#### TASK PROMPT
Among the entries that follow, locate the line with "Quilt Cover Pillowcase" and the line with "Отель MOX Hotel, фото 12". Output those lines and all lines in between, exactly, minus the pictures.

──────── SOURCE RECORDS ────────

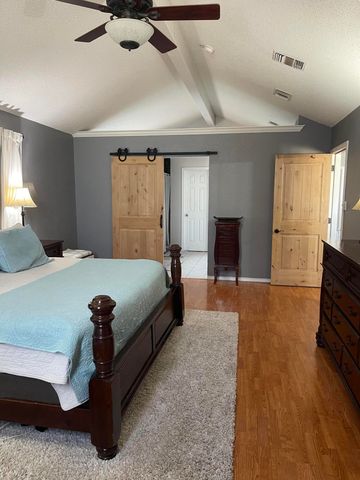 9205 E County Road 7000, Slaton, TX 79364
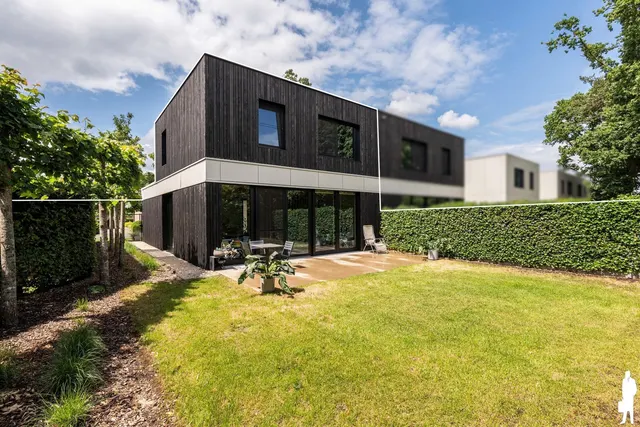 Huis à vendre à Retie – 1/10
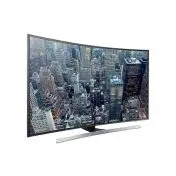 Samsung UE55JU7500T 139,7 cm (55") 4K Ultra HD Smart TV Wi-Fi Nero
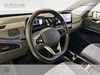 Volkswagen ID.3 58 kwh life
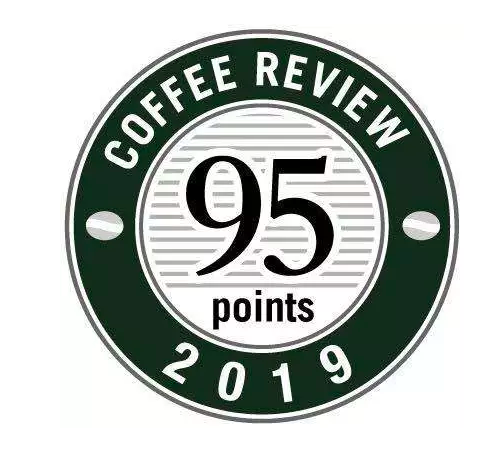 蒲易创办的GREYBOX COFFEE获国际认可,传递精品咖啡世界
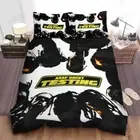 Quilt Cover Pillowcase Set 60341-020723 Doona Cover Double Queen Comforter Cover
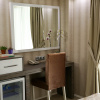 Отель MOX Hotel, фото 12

────────
──────── SOURCE RECORDS ────────

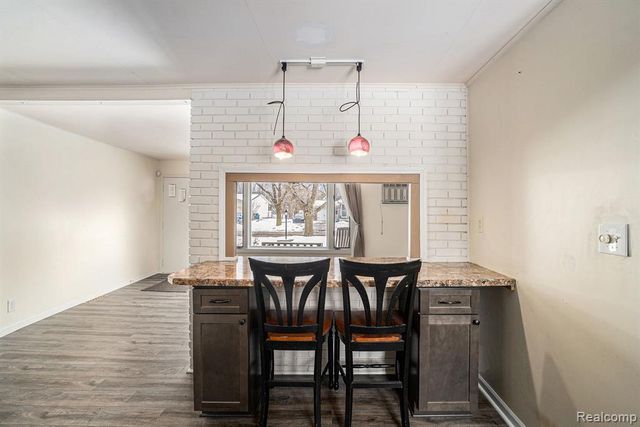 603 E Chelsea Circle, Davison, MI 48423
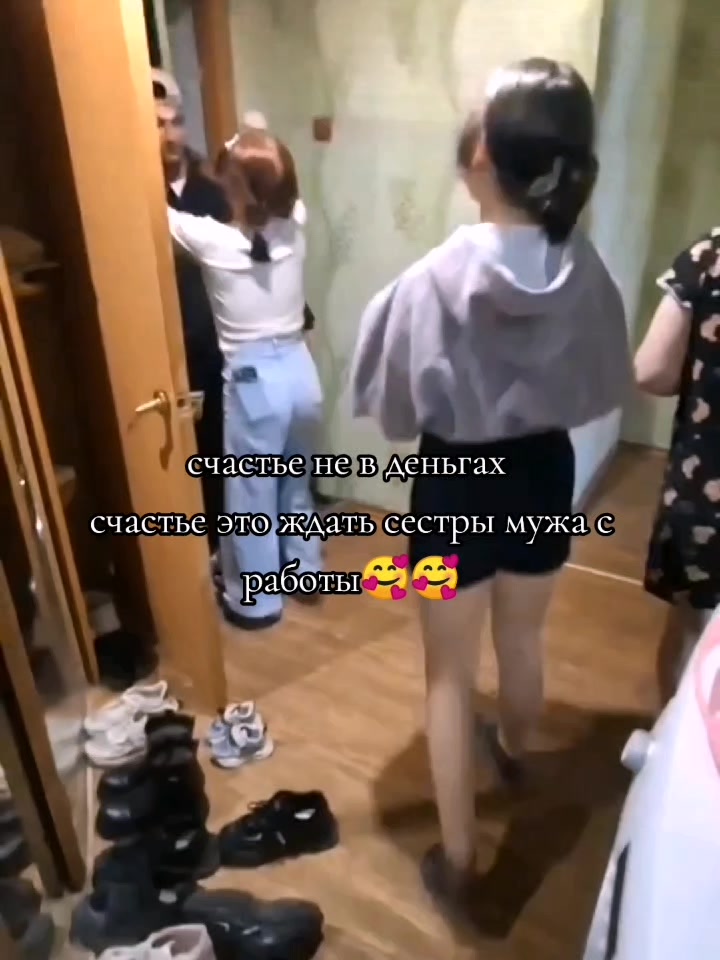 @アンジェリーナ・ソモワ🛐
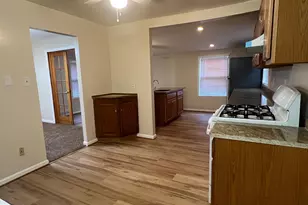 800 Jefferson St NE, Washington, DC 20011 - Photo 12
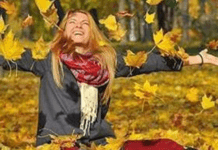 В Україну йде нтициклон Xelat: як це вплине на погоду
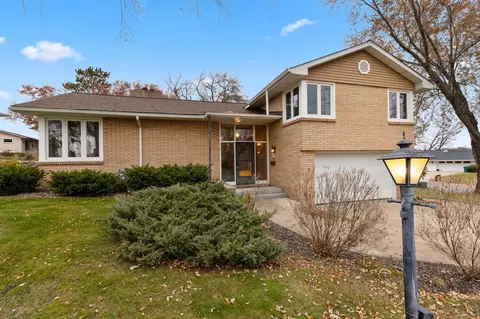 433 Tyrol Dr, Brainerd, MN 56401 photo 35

────────
──────── SOURCE RECORDS ────────

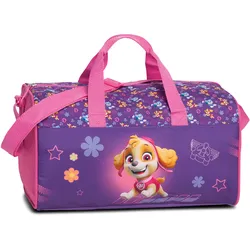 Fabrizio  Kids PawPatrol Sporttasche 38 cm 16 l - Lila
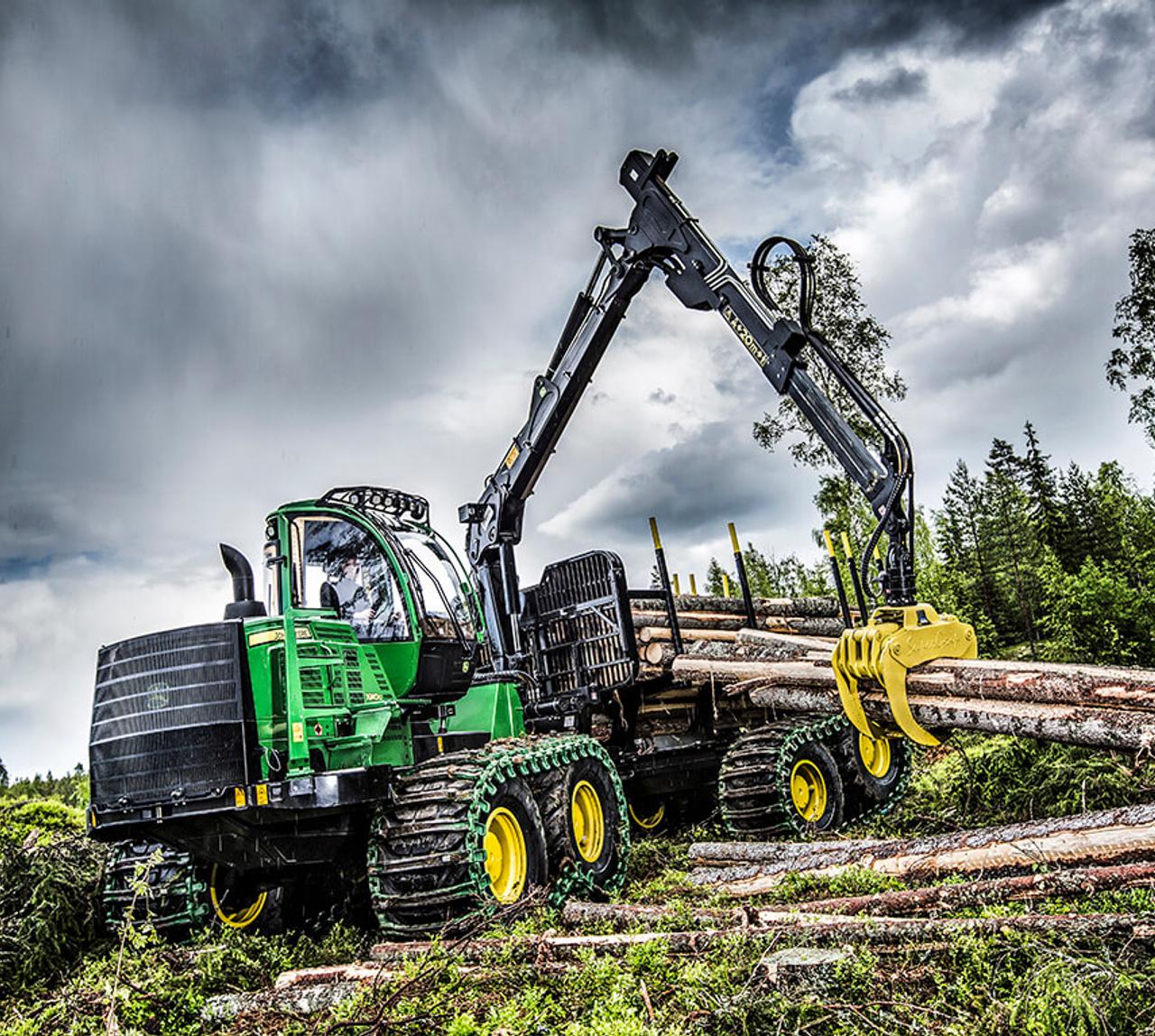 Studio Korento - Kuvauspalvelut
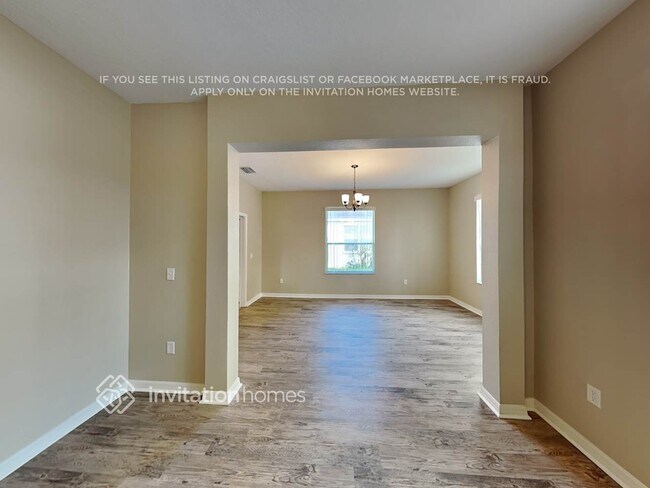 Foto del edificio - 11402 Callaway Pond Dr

────────

#### YOUR RESPONSE
 Quilt Cover Pillowcase Set 60341-020723 Doona Cover Double Queen Comforter Cover
 Отель MOX Hotel, фото 12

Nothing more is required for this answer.